A Advocacia-Geral da União (AGU) expediu, em fevereiro, uma orientação normativa a respeito da não necessidade da intervenção do Poder Judiciário para coibir a invasão e a ocupação irregular de prédios públicos. A medida não tem nenhum pendor autoritário. Trata-se da prudente aplicação do Direito na proteção do patrimônio e da continuidade dos serviços públicos. O Estado e a população não podem ficar reféns de quem, afrontando a lei, usa a violência para fazer pressão política, difundir suas bandeiras ou apropriar-se de bens públicos para fins particulares.

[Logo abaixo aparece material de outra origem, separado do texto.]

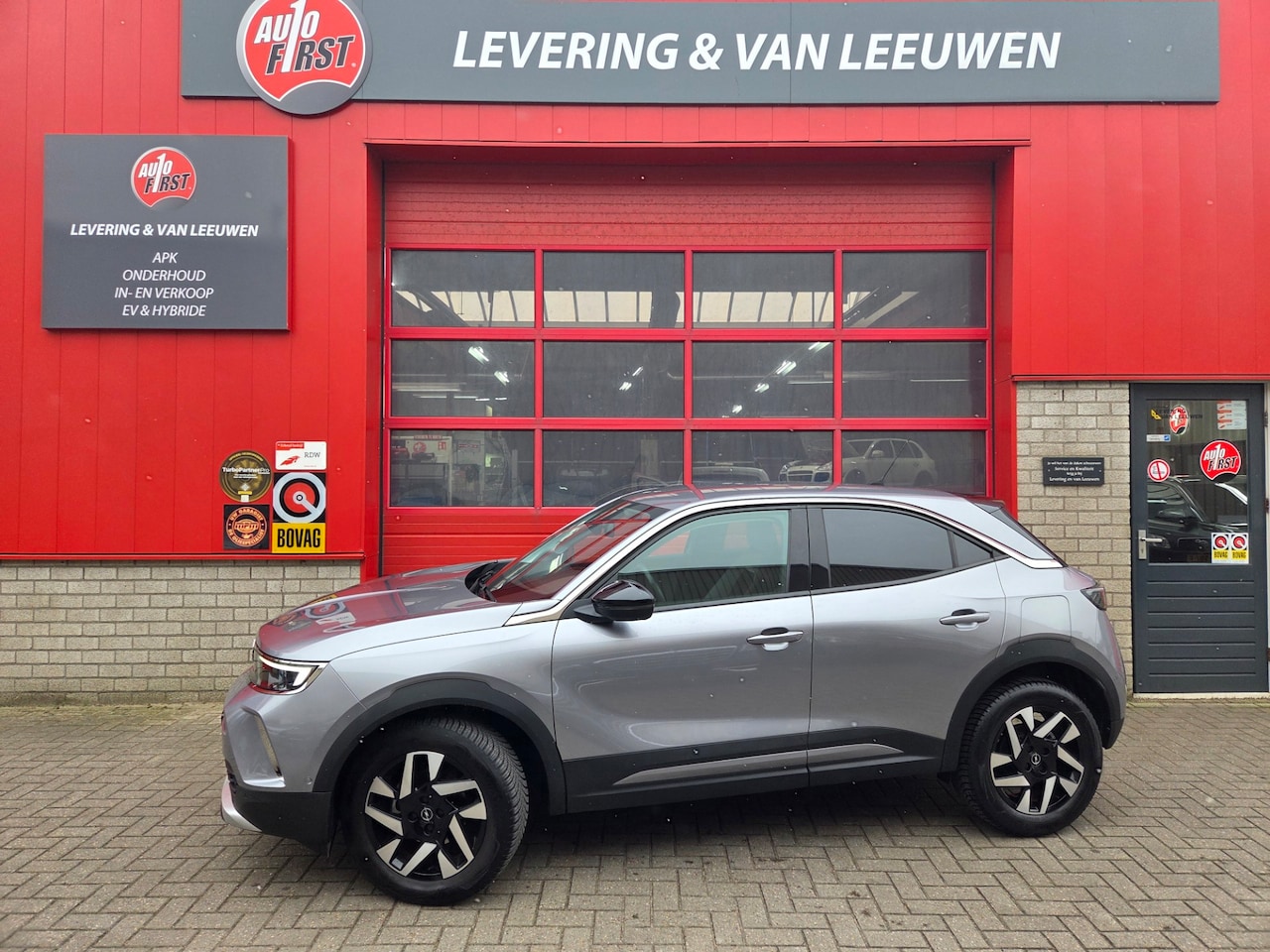 Opel Mokka - 1.2 Turbo Elegance Winterpack/ Parkeers. v + A/ Navigatie/ Camera/ Apple carplay- Android - AutoWereld.nl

Apesar de não encontrar respaldo na legislação, o entendimento contrário – de que, diante, por exemplo, de uma invasão de uma repartição pública, a autoridade nada podia fazer sem antes recorrer à Justiça – deu azo a omissões da administração pública e serviu de estímulo para outras tantas desordens. Se o invasor tem a certeza de que não enfrentará resistência para ocupar um prédio público e de que só um mandado judicial poderá retirá-lo de lá, ele tem a garantia de que, ao menos por um tempo, seus atos criminosos prevalecerão sobre a boa ordem.
No caso da administração pública federal, antes da nova orientação, a praxe era que os administradores de prédios públicos deviam recorrer à AGU para que ela tentasse junto ao Poder Judiciário obter medida liminar de reintegração de posse. Evidentemente, não era um modo muito eficiente de proteção do patrimônio público.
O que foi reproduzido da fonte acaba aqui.